Hakikisho la manukuu ya French

Mistari 200 ya kwanza.

Chrétiens, venez tous écouter...

à une vraie plainte...

sur trois monstres inhumains...

leurs crimes étaient atroces...

il y a cent vingt ans, ils tuaient des passants...

à Peyrebeille, en Vivarais, dans le département de l'Ardèche...

où ils ont ouvert leur auberge...

au bout d'un chemin sans issue...

l'auberge était le long d'une route fréquentée... où l'on massacrait des gens...

ces monstres avaient une fille, bien soignée...

bien qu'elle eût beaucoup de charme, elle ne trouva pas d'amant...

nous connaissons bien des auberges où du soir au matin...

une fille reste vierge, comme la fille Martin...

nous ne saurons jamais combien il y eut de victimes...

on en soupçonne cent trente-trois...

mais il y en aurait pu avoir bien davantage...

ébranlez toutes les nations à cause des crimes de cette maison...

nous avions dans les montagnes, de Tuillette à Coucouron...

Martin tenait sa femme en haute estime...

parce que nous les connaissions bien, nous croyions à leur vertu...

car l'estime suit souvent les traces de la richesse...

joueur d'orgue de la mort...

le pauvre diable un soir dans la neige...

accompagné d'un travesti-singe...

il est entré dans l'auberge...

où il tomba dans un piège...

Le voilà, le voilà.

- Là. - Hé Marie... regarde là.

- Il doit mourir ! - Laissez-le partir.

Comment savons-nous que ces bêtes ne savent pas parler ?

- Sale bête, tirez-lui dessus. - Non, ça fait du bruit ! Tiens, mon couteau.

Regardez bien !

- Tirez-lui dessus ! - Non, pas avec un fusil.

Tu ressembles à un joueur d'orgue de barbarie.

Si tu crois ça, le singe le croira aussi. Cachez-vous.

Dis, si on partage... tu me donneras cet orgue alors ? Je ne l'ai pas volé.

Zut !

- Sale nègre ! - Ce n'était pas moi, c'était elle.

Ah, qu'importe, donne-moi ça ici... Attends. Attends...

Raté !

- Refugium peccatorum... - Ora pro nobis.

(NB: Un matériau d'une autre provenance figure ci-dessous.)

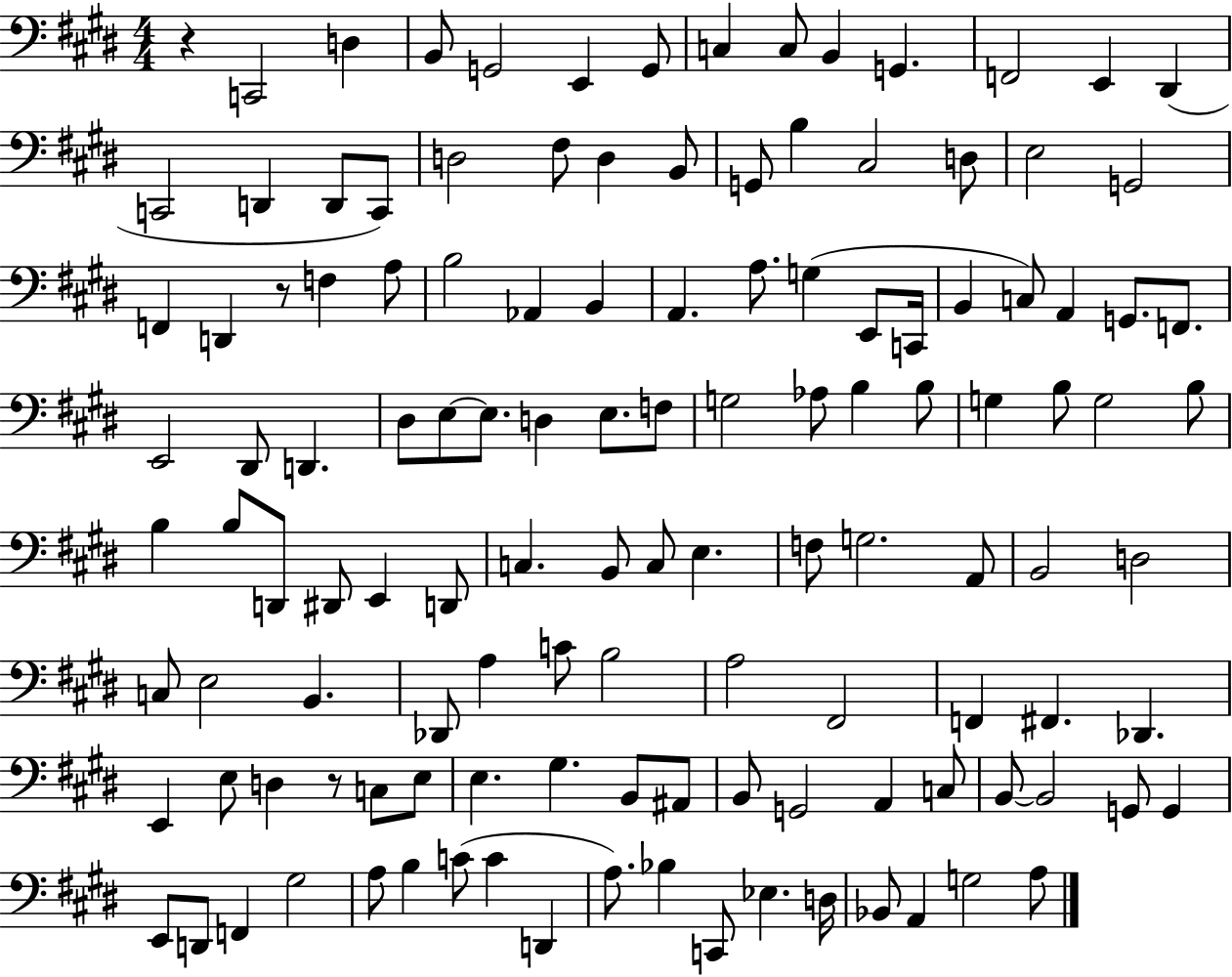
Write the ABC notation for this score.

X:1
T:Untitled
M:4/4
L:1/4
K:E
z C,,2 D, B,,/2 G,,2 E,, G,,/2 C, C,/2 B,, G,, F,,2 E,, ^D,, C,,2 D,, D,,/2 C,,/2 D,2 ^F,/2 D, B,,/2 G,,/2 B, ^C,2 D,/2 E,2 G,,2 F,, D,, z/2 F, A,/2 B,2 _A,, B,, A,, A,/2 G, E,,/2 C,,/4 B,, C,/2 A,, G,,/2 F,,/2 E,,2 ^D,,/2 D,, ^D,/2 E,/2 E,/2 D, E,/2 F,/2 G,2 _A,/2 B, B,/2 G, B,/2 G,2 B,/2 B, B,/2 D,,/2 ^D,,/2 E,, D,,/2 C, B,,/2 C,/2 E, F,/2 G,2 A,,/2 B,,2 D,2 C,/2 E,2 B,, _D,,/2 A, C/2 B,2 A,2 ^F,,2 F,, ^F,, _D,, E,, E,/2 D, z/2 C,/2 E,/2 E, ^G, B,,/2 ^A,,/2 B,,/2 G,,2 A,, C,/2 B,,/2 B,,2 G,,/2 G,, E,,/2 D,,/2 F,, ^G,2 A,/2 B, C/2 C D,, A,/2 _B, C,,/2 _E, D,/4 _B,,/2 A,, G,2 A,/2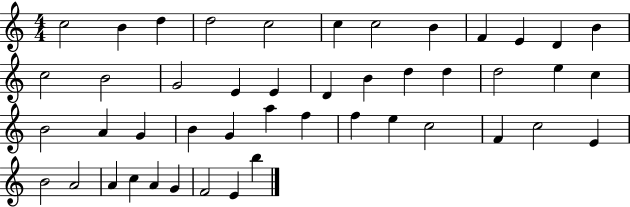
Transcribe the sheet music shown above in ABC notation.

X:1
T:Untitled
M:4/4
L:1/4
K:C
c2 B d d2 c2 c c2 B F E D B c2 B2 G2 E E D B d d d2 e c B2 A G B G a f f e c2 F c2 E B2 A2 A c A G F2 E b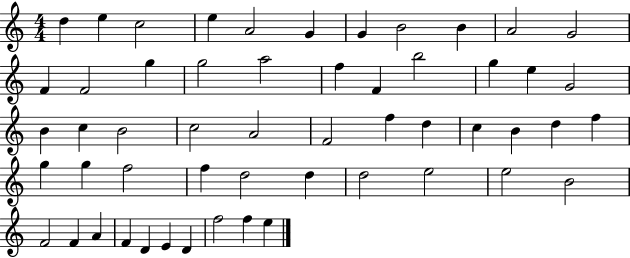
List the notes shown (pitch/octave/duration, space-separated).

D5/q E5/q C5/h E5/q A4/h G4/q G4/q B4/h B4/q A4/h G4/h F4/q F4/h G5/q G5/h A5/h F5/q F4/q B5/h G5/q E5/q G4/h B4/q C5/q B4/h C5/h A4/h F4/h F5/q D5/q C5/q B4/q D5/q F5/q G5/q G5/q F5/h F5/q D5/h D5/q D5/h E5/h E5/h B4/h F4/h F4/q A4/q F4/q D4/q E4/q D4/q F5/h F5/q E5/q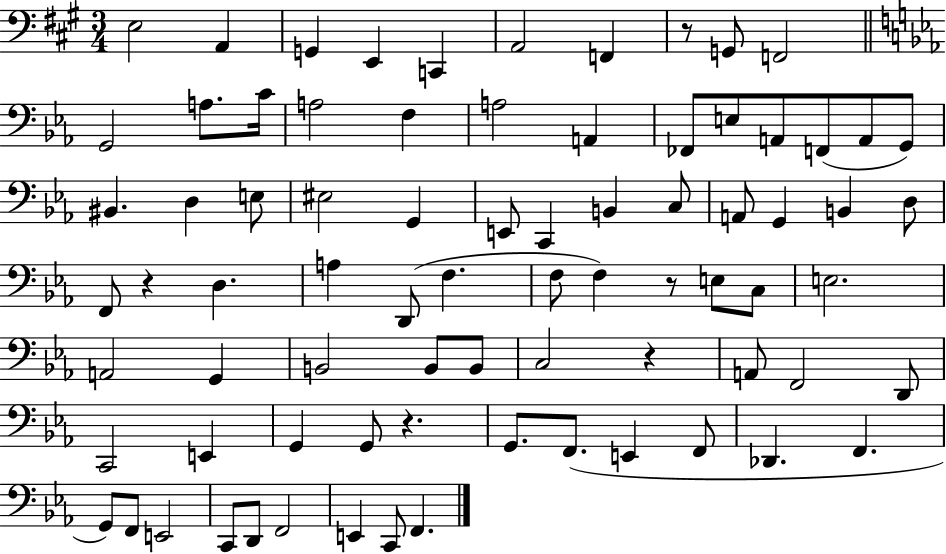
E3/h A2/q G2/q E2/q C2/q A2/h F2/q R/e G2/e F2/h G2/h A3/e. C4/s A3/h F3/q A3/h A2/q FES2/e E3/e A2/e F2/e A2/e G2/e BIS2/q. D3/q E3/e EIS3/h G2/q E2/e C2/q B2/q C3/e A2/e G2/q B2/q D3/e F2/e R/q D3/q. A3/q D2/e F3/q. F3/e F3/q R/e E3/e C3/e E3/h. A2/h G2/q B2/h B2/e B2/e C3/h R/q A2/e F2/h D2/e C2/h E2/q G2/q G2/e R/q. G2/e. F2/e. E2/q F2/e Db2/q. F2/q. G2/e F2/e E2/h C2/e D2/e F2/h E2/q C2/e F2/q.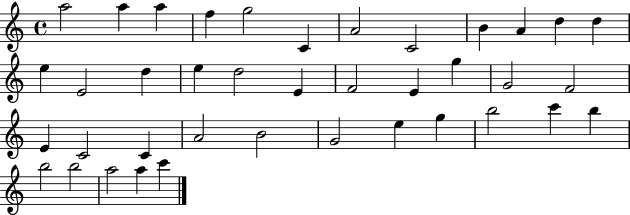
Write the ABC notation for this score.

X:1
T:Untitled
M:4/4
L:1/4
K:C
a2 a a f g2 C A2 C2 B A d d e E2 d e d2 E F2 E g G2 F2 E C2 C A2 B2 G2 e g b2 c' b b2 b2 a2 a c'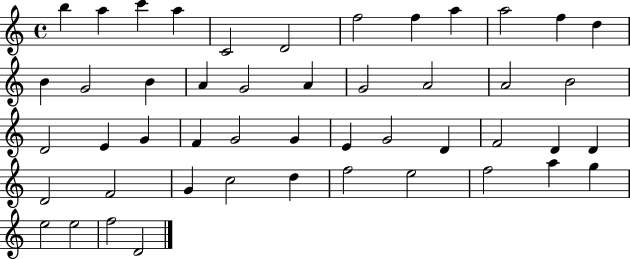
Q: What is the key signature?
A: C major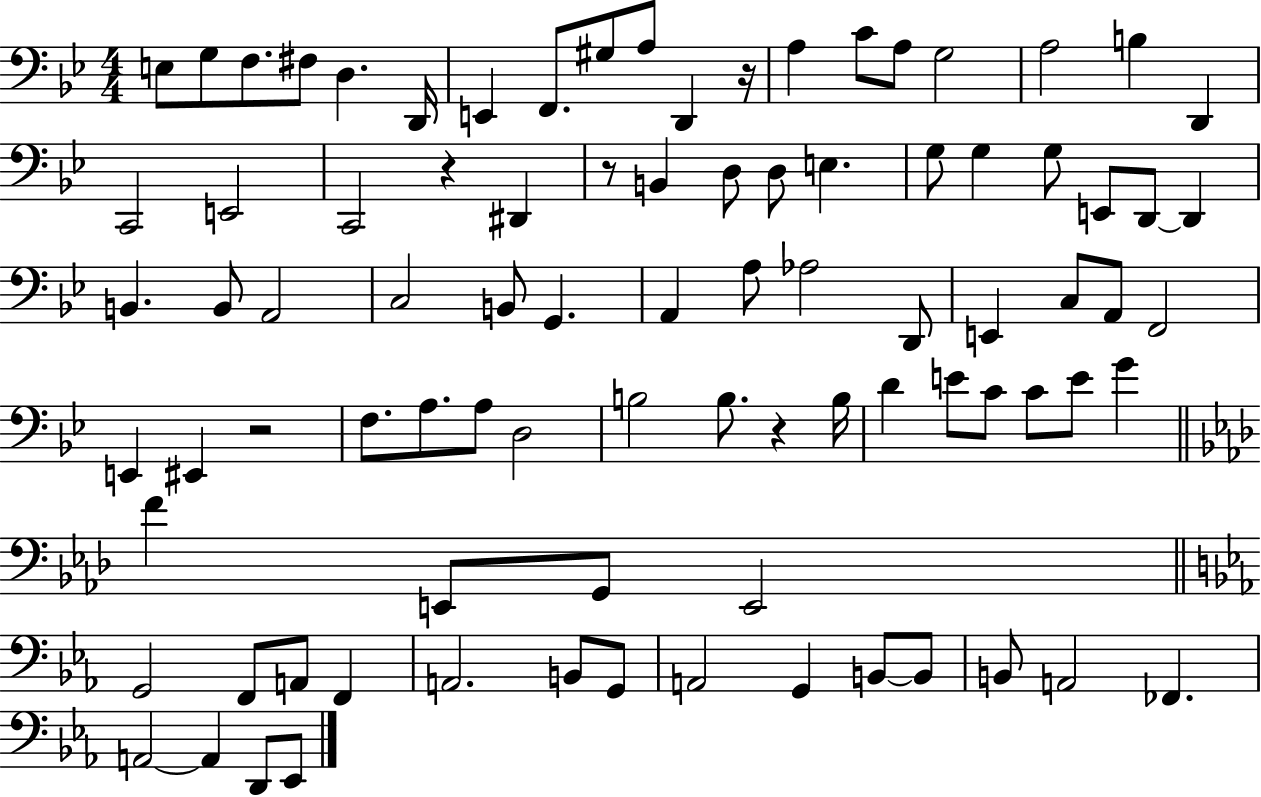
X:1
T:Untitled
M:4/4
L:1/4
K:Bb
E,/2 G,/2 F,/2 ^F,/2 D, D,,/4 E,, F,,/2 ^G,/2 A,/2 D,, z/4 A, C/2 A,/2 G,2 A,2 B, D,, C,,2 E,,2 C,,2 z ^D,, z/2 B,, D,/2 D,/2 E, G,/2 G, G,/2 E,,/2 D,,/2 D,, B,, B,,/2 A,,2 C,2 B,,/2 G,, A,, A,/2 _A,2 D,,/2 E,, C,/2 A,,/2 F,,2 E,, ^E,, z2 F,/2 A,/2 A,/2 D,2 B,2 B,/2 z B,/4 D E/2 C/2 C/2 E/2 G F E,,/2 G,,/2 E,,2 G,,2 F,,/2 A,,/2 F,, A,,2 B,,/2 G,,/2 A,,2 G,, B,,/2 B,,/2 B,,/2 A,,2 _F,, A,,2 A,, D,,/2 _E,,/2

- Domus aurea... - Ora pro nobis.

- Foederis arca... - Ora pro nobis.

- Stella matutina... - Ora pro nobis.

- Janua coeli... - Ora pro nobis.

- Salus infirmorum... - Ora pro nobis.

- Consolatrix afflictorum... - Ora pro nobis.

Ce sont des chasseurs...

- Délicieux, un civet de lièvre. - Ora pro nobis.

- Ou une omelette au lard. - Ora pro nobis.

- Je parle de choses sérieuses. - Quoi ?

- Tu n'as donc pas faim ? - Oh, si.

- Le monastère est-il encore loin ? - Certainement pas avant minuit.

Alors nous continuerons à marcher.

- Turris eburnea... - Ora pro nobis.

Christianorum... Oh, mère de Dieu, mon bâton !

- Je sens un courant d'air entre mes jambes. - Oh, mon père !

- Où sommes-nous ? Où ? - Oh, mon père...

- Qu'est-ce qu'il y a ? - Il y a un trou.

Un trou ? Où est ce trou ? Mon Dieu, un trou dans un pont.

Ça ressemble bien à un pont.

S'il y a un pont, il y a aussi une auberge.

- Quelle auberge, père ? - Une bonne auberge, mon fils.

- Y es-tu déjà allé ? - Oh non !

Je n'y suis jamais allé, mais elle est célèbre.

À présent que j'y pense... ce sera le bon Seigneur qui nous a conduits à cette auberge.

Le Seigneur voit tout, Il voit aussi que nous sommes épuisés.

- Refugium peccatorum... - Ora pro nobis.

C'est peut-être un bon sanglier...

avec une sauce au vin rouge et une purée de châtaignes ?

- On est bientôt arrivés ? - Il nous faut encore sûrement quatre heures de route.

- Qu'a-t-il dit ? - Encore quatre heures.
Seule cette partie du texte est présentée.